# November's CPGear Contest [Auction]



## Mike Bobbitt (10 Nov 2008)

Sorry it's a bit late in coming folks, but this month's contest is a simple auction: MilPoints for gift certificates.

There are five $20 CPGear Gift Certificats up for auction. To place a bit just reply to this thread with the amount you want to pony up. You can't bid on more than one gift certificate, and of course you have to actually *have* the MilPoints you're bidding.

At the end of the month (Eastern time) the top 5 bids will be awarded the gift certificates, and the amounts bid will be deducted from their MilPoints total. So yes - MilPoints can be useful from time to time! 

Here are the current top bids:

15,095 Eye in the Sky
12,655 The Beaver
11,570 Celticgirl
11,265 CDN Aviator
7,844 Rodahn

Good luck!
Mike


----------



## gaspasser (10 Nov 2008)

Mike, I'll take a hit.  All the milpoints I got, I don't think they really mean anything do they??? 
That would be 1050 as of today.


----------



## Mike Bobbitt (10 Nov 2008)

Good stuff, we have our first bid!

As to the MilPoints value... I guess we'll find out for sure at the end of the month!


----------



## GAP (10 Nov 2008)

5,880.....that still leaves me with 5000..... :


----------



## MikeL (10 Nov 2008)

I'll be that guy who makes the last minute bid an wins  ;D


----------



## TN2IC (10 Nov 2008)

1,079 MP's points please .. that"ll leave me with one left over.  >


----------



## chris_log (11 Nov 2008)

1,314 Mil Point.
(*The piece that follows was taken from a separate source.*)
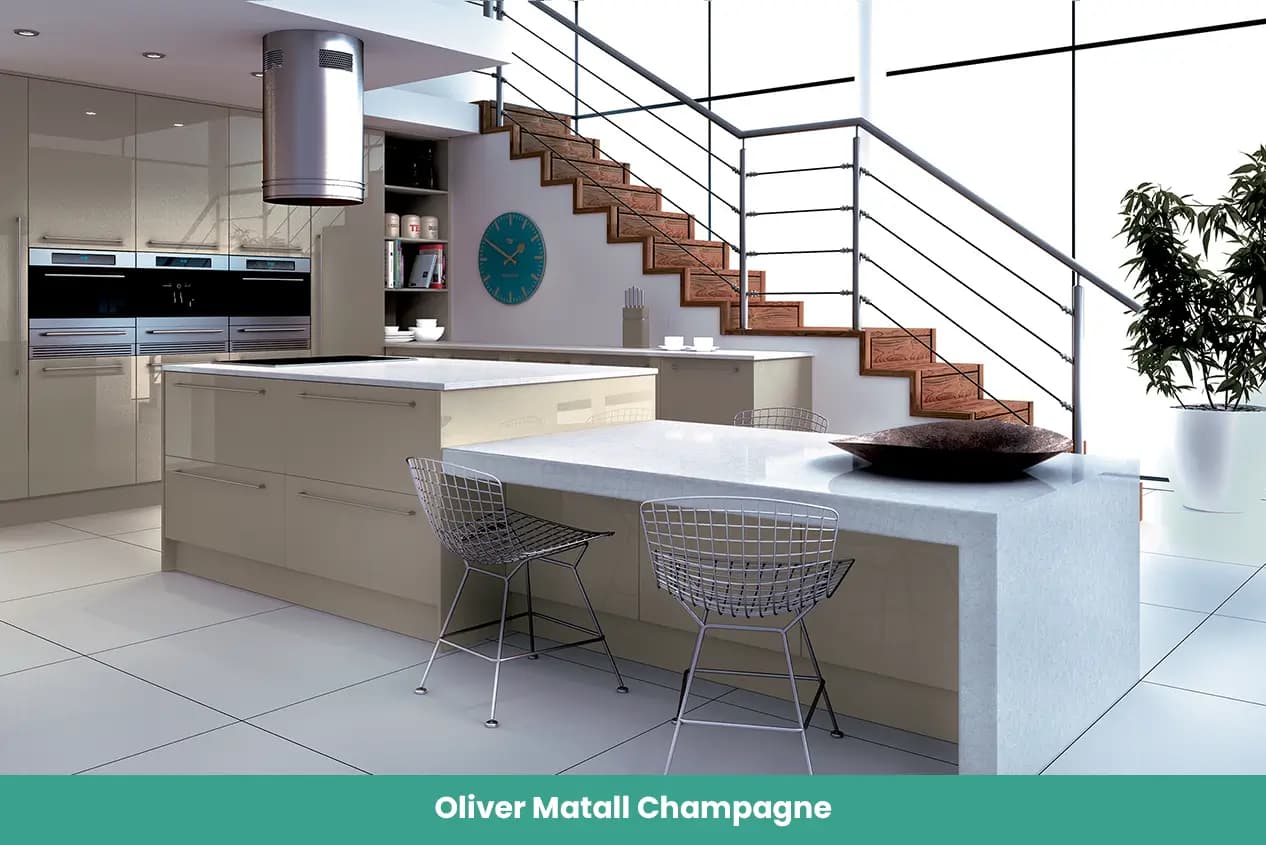 Oliver Matall Champagne Kitchen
Had to edit when I saw how many I had (had a few more then I thought).


----------



## vonGarvin (11 Nov 2008)

By "top" bid, I'm guessing that people assume that it's only the "highest" bids, so I'm going against the grain and bidding 1 (one) Milpoint. ;D


----------



## traviss-g (11 Nov 2008)

Well this may seem like a little bit of overkill but I really want that gift certificate so I'm going to bid ALL my points, yea I know what your thinking "No need, you could bid half your monstrous stack of milpoints and easily win." but I really want this gift certificate so I'm going all-in! 260 points, that's right, 260  !


----------



## Mike Bobbitt (12 Nov 2008)

Ok, so here are the top bids for all 5 gift certificates so far:

[Moved to top of the thread]

Basically everyone who has bid except Mortarman.


----------



## vonGarvin (12 Nov 2008)

Mike Bobbitt said:
			
		

> Ok, so here are the top bids for all 5 gift certificates so far:
> 
> 5880 GAP
> 1314 Piper
> ...


OK, I get the picture!  3500 points!


----------



## medaid (12 Nov 2008)

Well this is kinda fun. 2,727. Yup all of it


----------



## Eric_911 (12 Nov 2008)

MedTech said:
			
		

> Well this is kinda fun. 2,727. Yup all of it



Medtech.... what are you throwing in the pot: your posts or your points?  ;D


----------



## medaid (12 Nov 2008)

Oh wait a minute! I just made a funny! Uh oh! I'll fix it later LOL


----------



## NL_engineer (12 Nov 2008)

1600 for me


----------



## Snafu-Bar (12 Nov 2008)

I'll bid 10,000 milpoints.

 3,680 up front and i'll owe ya the rest as i earn them  ;D


----------



## Mike Bobbitt (12 Nov 2008)

I've moved the winning bids to the top of the thread... I'll update it there periodically.


----------



## Mike Baker (12 Nov 2008)

5881.


 ;D


----------



## Rodahn (12 Nov 2008)

Mike; take all of my milpoints and should I be the winner, send the certificate to Avor as per the email from leroi.

Chimo.

Edited to add:

Rather than have the contest this month Mike, could you just not donate the whole $100.00 to Avor? I realize that it goes against the grain, but I think that would be a worthy note from Milnet/Army.ca, and might improve his morale.

Cheers

Rodahn


----------



## Shamrock (12 Nov 2008)

Rodahn said:
			
		

> Mike; take all of my milpoints and should I be the winner, send the certificate to Avor as per the email from leroi.



4389, as above.


----------



## HItorMiss (12 Nov 2008)

I'll add all my points to the bid that sends the certificates to Avor
5590 currently


----------



## Command-Sense-Act 105 (12 Nov 2008)

Send mine to the Avor fund as well.  I don't know how many there are, but please take them.

105


----------



## medaid (12 Nov 2008)

I as well. I just have to fix my damn milpoint thing.


----------



## Old Sweat (12 Nov 2008)

Add Sweatie's to the list.


----------



## PMedMoe (12 Nov 2008)

You can have mine, too.


----------



## Rodahn (12 Nov 2008)

Well according to my very quick count, we are at about 30K milpoints for Avor....


----------



## Mike Baker (12 Nov 2008)

Rodahn said:
			
		

> Well according to my very quick count, we are at about 30K milpoints for Avor....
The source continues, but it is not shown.